It is 6am on a Saturday and residents of Sizinda, a poor suburb in Bulawayo, have begun their desperate hunt for water.
The taps at home dried up three months ago.
Water has become a daily struggle in Zimbabwe’s second biggest city, largely the result of a severe drought last year which has dried up the reservoirs.
The poor rains expected this year will bring more hardship.
The city has recorded 2 600 cases of diarrhoea since June — 600 in the past month, according to health service figures.
The majority of cases are among children under five.
A drive along the streets of Sizinda follows a trail of desperation, as women and children clutching water buckets search for water.

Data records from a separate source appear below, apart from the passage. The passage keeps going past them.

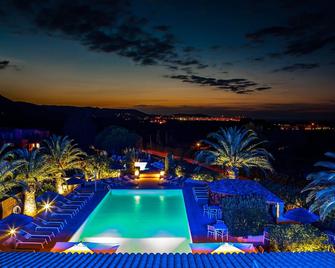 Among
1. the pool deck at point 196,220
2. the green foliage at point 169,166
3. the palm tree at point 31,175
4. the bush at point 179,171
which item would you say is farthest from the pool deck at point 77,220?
the green foliage at point 169,166

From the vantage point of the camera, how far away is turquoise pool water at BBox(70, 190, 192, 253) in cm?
1283

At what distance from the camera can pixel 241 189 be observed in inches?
593

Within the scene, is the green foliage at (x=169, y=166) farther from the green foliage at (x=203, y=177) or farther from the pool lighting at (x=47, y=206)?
the pool lighting at (x=47, y=206)

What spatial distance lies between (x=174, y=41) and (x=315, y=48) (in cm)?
822

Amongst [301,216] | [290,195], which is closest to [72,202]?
[290,195]

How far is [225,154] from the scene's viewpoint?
2095 centimetres

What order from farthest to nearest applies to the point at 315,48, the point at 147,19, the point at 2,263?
the point at 315,48 → the point at 147,19 → the point at 2,263

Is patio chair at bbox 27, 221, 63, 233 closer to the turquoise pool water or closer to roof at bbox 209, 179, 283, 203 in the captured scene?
the turquoise pool water

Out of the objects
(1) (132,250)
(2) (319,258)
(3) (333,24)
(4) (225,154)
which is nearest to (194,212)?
(1) (132,250)

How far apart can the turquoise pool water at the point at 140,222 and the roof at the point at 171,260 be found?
13.0 ft

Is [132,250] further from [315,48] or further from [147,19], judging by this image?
[315,48]

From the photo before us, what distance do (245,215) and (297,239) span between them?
2319 millimetres

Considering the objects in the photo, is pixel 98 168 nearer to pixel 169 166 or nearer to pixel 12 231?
pixel 169 166

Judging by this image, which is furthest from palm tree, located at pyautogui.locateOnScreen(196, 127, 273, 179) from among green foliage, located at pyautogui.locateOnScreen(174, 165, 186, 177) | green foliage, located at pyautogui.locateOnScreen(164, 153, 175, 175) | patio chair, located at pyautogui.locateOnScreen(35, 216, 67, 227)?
patio chair, located at pyautogui.locateOnScreen(35, 216, 67, 227) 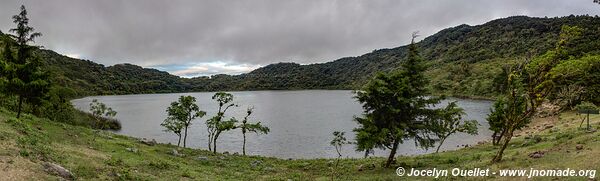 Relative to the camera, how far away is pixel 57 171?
19625mm

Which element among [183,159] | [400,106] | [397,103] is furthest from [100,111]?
[400,106]

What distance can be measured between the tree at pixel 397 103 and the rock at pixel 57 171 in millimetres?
21153

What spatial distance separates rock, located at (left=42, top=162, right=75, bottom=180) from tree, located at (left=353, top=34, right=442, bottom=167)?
2115 cm

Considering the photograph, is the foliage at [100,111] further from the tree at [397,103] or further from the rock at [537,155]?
the rock at [537,155]

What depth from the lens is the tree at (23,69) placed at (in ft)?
140

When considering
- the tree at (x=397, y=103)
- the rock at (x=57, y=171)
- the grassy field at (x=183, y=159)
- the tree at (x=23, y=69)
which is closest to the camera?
the rock at (x=57, y=171)

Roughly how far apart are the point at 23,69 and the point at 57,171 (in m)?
30.9

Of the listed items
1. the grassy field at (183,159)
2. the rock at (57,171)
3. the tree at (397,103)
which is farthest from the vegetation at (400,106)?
the rock at (57,171)

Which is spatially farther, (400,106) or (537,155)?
(400,106)

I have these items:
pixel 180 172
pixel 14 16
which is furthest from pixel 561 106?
pixel 14 16

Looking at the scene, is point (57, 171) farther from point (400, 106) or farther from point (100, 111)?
point (100, 111)

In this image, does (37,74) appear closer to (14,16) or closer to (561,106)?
(14,16)

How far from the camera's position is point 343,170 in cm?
3581

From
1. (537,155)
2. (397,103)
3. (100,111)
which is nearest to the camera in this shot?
(537,155) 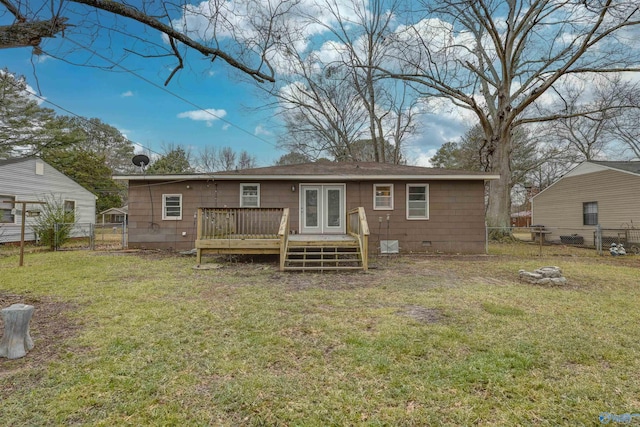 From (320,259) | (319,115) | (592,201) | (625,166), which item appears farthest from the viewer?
(319,115)

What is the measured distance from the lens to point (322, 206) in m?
10.6

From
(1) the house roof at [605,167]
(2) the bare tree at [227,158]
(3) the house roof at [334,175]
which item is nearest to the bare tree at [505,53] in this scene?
(1) the house roof at [605,167]

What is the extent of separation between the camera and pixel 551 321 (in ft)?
12.4

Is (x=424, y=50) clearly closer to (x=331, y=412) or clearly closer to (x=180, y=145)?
(x=331, y=412)

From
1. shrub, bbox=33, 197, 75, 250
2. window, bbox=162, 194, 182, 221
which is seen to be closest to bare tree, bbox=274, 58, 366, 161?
window, bbox=162, 194, 182, 221

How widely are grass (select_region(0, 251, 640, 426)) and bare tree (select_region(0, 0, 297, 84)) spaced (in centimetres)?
289

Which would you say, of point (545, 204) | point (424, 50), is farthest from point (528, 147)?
point (424, 50)

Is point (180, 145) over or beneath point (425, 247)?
over

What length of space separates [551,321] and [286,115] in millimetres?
19695

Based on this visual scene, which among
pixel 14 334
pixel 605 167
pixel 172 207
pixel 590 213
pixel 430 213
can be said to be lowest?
pixel 14 334

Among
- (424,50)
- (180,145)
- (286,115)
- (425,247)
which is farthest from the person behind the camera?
(180,145)

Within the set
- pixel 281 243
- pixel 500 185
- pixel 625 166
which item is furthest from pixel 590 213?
pixel 281 243

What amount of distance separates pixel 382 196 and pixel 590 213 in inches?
425

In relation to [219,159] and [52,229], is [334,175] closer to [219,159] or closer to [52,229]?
[52,229]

At a railway line, hundreds of people try to collect muddy water pouring from a broken water pipe.
People have little choice but to drink from unprotected water sources, despite the risks.
“It has been three months without water. While we hear that supplies have been restored in some other areas, there is nothing here. this is where we get water for household use, we have no choice,” said Sibusisiwe Moyo (40), a rail worker.
“I work the night shift, but there is no time to rest because I have to come here early to fetch water.
“I had to come earlier when the water was cleaner and before the queue grew longer. this is a desperate situation, we need help.”
Omphile Masuka (34), who has two children, said she feared the water from the burst water pipe could be contaminated.
“We are drinking sewage water and we are all going to get sick. the city council should respect us,” Masuka said.
“What is surprising is that we have been paying bills every month without a drop of water.
“How is that fair when my children have to drink this dirty water?”
It’s difficult to fight Covid-19 without water, she added.
“We have the right to water,” Masuka said. “What do they want us to do? We do not have boreholes, seriously we cannot survive like this.”
Some of Sizinda’s more affluent residents have sunk their own boreholes and installed water pumps.
the less fortunate are forced to queue at community boreholes.
Others have taken advantage of the water shortages to make money, selling 25 litres of water from boreholes for US$2.
Zimbabwe is in the grip of a nationwide water crisis due to poor rains and drought.
Most local authorities have been forced to ration water. But Bulawayo, 450km south of Harare, is facing the worst crisis.
Edwin Sibanda, the Bulawayo health services director, says the council is distributing water through the city using bowsers “where possible”.
But it’s not enough.
He confirmed outbreaks of diarrhoea in Bulawayo’s highly populated suburbs, and at Bulawayo Polytechnic College.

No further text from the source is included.